From my research, E-85 should make more power as long as the fuel system can deliver the extra amount of fuel needed.
The E85 BTU is lower than Gasoline, but you burn more of it with the same amount of air, so you end up with more BTU per unit of air. It looks like maybe around 5% more power on E-85 (I need to re-run my calculations, the original ones I did showed 3.3%, but I used a too low a BTU rating for the E85.)

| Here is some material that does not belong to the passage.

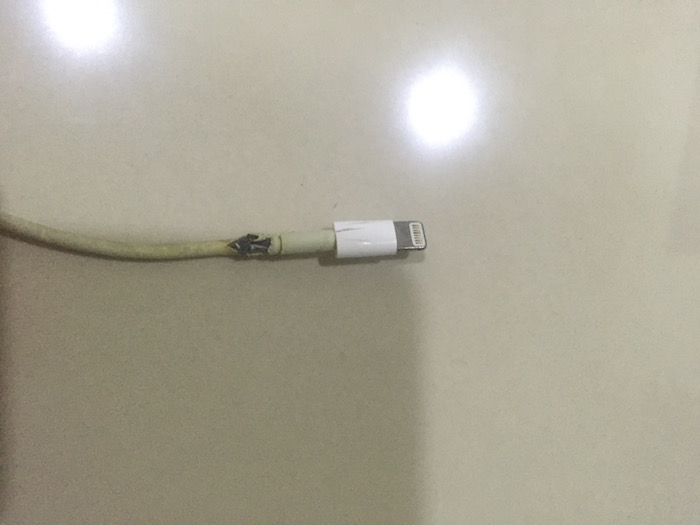 Repair A Broken iPhone Lightning Cable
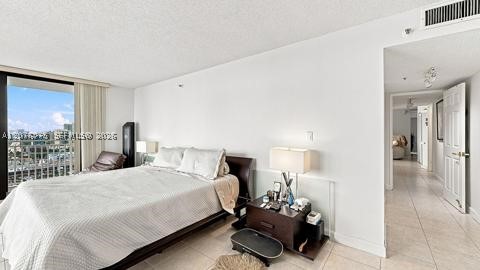 210 174 St 2401 Property Photo 17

Here is what I was looking at:
1 pound of air will burn 1/(air/Fuel ratio) to get amount of fuel. So 1/14.7 = 0.06803 pounds of gasoline, and 1/9.7 = 0.10309 pounds of E85. Using 6.2 pounds/gallon for gasoline, and 6.59 pounds/gallon for E85, this equates to 0.421769 gallon of gasoline, and 0.679381 gallon of E85.
Using 116,090 BTU/gallon for gasoline, and 85,000 BTU/Gallon of E85 (E85 varies in BTU depending on the blend, but the ranges given are between 73% and 83% of gasoline?) So the 85,000 value is near the low end.
Multiplying the amount of fuel in gallons burnt by one pound of air by the BTU per gallon results in:
Gasoline = 48,963 BTU per pound of air.
E85 = 57,747 BTU per pound of air.

This probably is not the correct way to do the conversions, but it makes some sense to me.

From the Stoichiometry wiki page:
https://en.wikipedia.org/wiki/Stoichiometry

Percent of fuel by mass:
Gasoline = 6.8%
Ethanol (E100) = 11.1%

Last edited by 451Mopar; 04/07/16 08:15 PM.